Think of the Children. Kerry Wilkinson. Pan Books (2013)

An enjoyable crime story, the plot is clever and well structured, the story telling does not quite engage the reader with the cast. A fatal car crash reveals the body of a missing child in the boot of the car and a map to to location where items from a much older and colder missing child case are found. The investigation uncovers a list of names of children and then another child goes missing and the investigation becomes a race against time. The story unfolds very well, the reveals are cleverly staged and the plot threads are very smartly handled. The resolution is satisfying bitter and complete.
The plot mechanics that drive the story are excellent, the various elements of the story overlap and interact in an effective way. The investigation is competent and the the flow of the action is thoughtful and considered. The problem with the book is the cast, in particular the lead character, Detective Sergent  Jessica Daniel. While it is a relief that she is not a maladjusted gargoyle with a substance abuse problem in continual conflict with her, remarkably stupid, superiors, she is also not engaging either. This is not for want of trying, DS Daniel is given plenty of time and scope to make her mark on the story and an effort is made to give her an extended life beyond her job as well as to be effective within it. She simply does not transfer well off the page to inhabit the reader's imagination, she remains too attached to the plot.

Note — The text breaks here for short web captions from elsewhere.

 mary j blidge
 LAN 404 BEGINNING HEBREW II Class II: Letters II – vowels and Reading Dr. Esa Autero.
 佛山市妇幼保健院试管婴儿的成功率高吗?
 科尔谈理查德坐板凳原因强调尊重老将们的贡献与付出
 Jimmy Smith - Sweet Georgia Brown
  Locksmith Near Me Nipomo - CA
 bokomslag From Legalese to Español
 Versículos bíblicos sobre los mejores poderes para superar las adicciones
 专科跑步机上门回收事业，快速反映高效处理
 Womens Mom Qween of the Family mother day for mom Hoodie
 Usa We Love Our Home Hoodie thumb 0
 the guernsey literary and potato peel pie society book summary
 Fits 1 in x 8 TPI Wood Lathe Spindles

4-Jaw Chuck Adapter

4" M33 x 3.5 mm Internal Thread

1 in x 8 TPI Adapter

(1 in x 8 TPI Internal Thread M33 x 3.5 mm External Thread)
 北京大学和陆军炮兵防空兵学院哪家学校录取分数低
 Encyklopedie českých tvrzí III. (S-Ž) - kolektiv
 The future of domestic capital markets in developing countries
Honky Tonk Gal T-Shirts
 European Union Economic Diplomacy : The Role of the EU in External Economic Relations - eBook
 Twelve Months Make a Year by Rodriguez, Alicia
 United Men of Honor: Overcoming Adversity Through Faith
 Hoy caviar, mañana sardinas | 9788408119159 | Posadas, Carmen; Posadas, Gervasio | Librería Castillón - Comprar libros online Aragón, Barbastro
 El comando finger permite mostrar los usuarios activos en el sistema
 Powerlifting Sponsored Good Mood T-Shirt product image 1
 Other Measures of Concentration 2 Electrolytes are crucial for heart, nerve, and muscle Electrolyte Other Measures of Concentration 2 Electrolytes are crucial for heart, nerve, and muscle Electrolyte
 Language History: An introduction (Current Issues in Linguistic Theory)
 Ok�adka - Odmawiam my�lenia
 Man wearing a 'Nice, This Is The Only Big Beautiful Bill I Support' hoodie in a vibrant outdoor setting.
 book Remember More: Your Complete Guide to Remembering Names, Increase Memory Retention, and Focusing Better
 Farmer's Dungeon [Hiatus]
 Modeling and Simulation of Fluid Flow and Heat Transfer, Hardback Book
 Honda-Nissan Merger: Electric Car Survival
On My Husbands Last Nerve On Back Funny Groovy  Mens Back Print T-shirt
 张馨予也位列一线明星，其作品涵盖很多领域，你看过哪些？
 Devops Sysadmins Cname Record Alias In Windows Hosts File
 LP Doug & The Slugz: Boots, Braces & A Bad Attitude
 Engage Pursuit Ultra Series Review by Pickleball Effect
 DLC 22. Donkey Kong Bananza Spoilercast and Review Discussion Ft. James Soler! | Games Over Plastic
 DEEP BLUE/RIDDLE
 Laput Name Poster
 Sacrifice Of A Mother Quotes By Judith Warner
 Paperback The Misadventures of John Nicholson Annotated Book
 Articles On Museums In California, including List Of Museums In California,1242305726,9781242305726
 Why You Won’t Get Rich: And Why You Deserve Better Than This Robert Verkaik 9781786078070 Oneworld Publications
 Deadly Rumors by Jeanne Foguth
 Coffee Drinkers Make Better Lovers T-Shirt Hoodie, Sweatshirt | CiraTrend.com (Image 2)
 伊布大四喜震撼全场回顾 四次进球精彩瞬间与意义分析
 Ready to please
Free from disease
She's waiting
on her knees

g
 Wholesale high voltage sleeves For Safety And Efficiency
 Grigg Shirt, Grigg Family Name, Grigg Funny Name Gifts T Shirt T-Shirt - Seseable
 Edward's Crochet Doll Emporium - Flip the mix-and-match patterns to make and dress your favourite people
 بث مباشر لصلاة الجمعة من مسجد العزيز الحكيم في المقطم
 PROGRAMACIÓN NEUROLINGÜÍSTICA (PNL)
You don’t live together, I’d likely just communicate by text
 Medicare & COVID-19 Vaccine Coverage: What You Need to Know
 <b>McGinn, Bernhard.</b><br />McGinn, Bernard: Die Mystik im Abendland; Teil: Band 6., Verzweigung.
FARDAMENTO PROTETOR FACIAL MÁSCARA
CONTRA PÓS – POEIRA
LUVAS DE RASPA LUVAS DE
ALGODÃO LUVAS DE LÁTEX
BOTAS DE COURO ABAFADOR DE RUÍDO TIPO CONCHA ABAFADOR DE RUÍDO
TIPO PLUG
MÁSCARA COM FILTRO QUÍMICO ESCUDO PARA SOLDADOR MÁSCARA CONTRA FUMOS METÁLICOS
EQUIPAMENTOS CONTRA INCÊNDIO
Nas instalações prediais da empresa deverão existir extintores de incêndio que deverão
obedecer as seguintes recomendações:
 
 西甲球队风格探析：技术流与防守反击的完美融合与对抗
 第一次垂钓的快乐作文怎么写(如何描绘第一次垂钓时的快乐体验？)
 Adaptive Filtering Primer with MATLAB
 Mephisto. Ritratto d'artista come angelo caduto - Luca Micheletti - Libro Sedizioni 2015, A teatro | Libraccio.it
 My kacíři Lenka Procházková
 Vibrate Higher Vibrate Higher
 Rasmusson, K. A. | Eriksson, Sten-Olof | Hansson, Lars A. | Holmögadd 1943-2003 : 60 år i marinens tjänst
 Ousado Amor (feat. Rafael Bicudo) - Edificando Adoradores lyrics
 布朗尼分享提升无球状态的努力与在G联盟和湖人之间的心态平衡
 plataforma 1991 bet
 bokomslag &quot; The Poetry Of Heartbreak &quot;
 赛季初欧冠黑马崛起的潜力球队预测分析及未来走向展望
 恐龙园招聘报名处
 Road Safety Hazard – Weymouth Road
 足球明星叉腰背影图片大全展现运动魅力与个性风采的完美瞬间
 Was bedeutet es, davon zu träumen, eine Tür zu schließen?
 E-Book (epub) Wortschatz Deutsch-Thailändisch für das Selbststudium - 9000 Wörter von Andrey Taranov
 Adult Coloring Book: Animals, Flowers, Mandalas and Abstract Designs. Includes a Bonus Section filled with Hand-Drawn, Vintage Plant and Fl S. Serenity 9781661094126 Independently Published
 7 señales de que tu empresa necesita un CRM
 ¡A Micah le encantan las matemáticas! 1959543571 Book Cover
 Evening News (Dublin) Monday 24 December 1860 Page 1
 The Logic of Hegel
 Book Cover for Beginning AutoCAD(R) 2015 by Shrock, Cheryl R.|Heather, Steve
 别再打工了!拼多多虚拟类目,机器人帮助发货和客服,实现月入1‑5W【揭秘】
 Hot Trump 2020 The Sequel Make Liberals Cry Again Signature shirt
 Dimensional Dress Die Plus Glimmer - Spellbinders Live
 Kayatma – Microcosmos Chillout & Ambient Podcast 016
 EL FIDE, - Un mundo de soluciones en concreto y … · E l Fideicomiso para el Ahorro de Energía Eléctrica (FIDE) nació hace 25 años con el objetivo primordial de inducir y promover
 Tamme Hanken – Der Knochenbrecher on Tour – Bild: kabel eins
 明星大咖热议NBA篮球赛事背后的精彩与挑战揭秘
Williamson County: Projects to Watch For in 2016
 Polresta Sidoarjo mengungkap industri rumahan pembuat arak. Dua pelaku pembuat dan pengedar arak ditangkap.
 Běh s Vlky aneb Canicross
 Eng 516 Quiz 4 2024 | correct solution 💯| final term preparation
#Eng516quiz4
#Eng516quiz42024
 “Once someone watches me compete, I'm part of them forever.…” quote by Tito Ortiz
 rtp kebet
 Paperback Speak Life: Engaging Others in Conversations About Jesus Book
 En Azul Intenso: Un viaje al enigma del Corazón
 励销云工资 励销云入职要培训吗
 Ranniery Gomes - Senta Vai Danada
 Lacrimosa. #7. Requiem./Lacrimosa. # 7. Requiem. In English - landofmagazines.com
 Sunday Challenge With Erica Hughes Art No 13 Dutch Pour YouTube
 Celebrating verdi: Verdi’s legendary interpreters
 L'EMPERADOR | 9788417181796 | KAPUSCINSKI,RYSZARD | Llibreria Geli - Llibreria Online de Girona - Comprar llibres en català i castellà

It is the supporting cast that performs the best, the range of civilians caught up in the events that are swirling around them. Kerry Wilkinson has a gift to bring a character to life in a short space and give then credible, scruffy presence and weight. It may be because they are involved in greater extremes of emotion or action that they glow more brightly than the central players. A effort may have been made to present them as more balanced and that has served to dampen them down a bit. If Kerry Wilkinson was a bit more theatrical with his cast the book would lift more.
The plot has a very nice slice of restrained melodrama in it, the central cast could have benefited from a little less restraint and a little more melodrama to match it.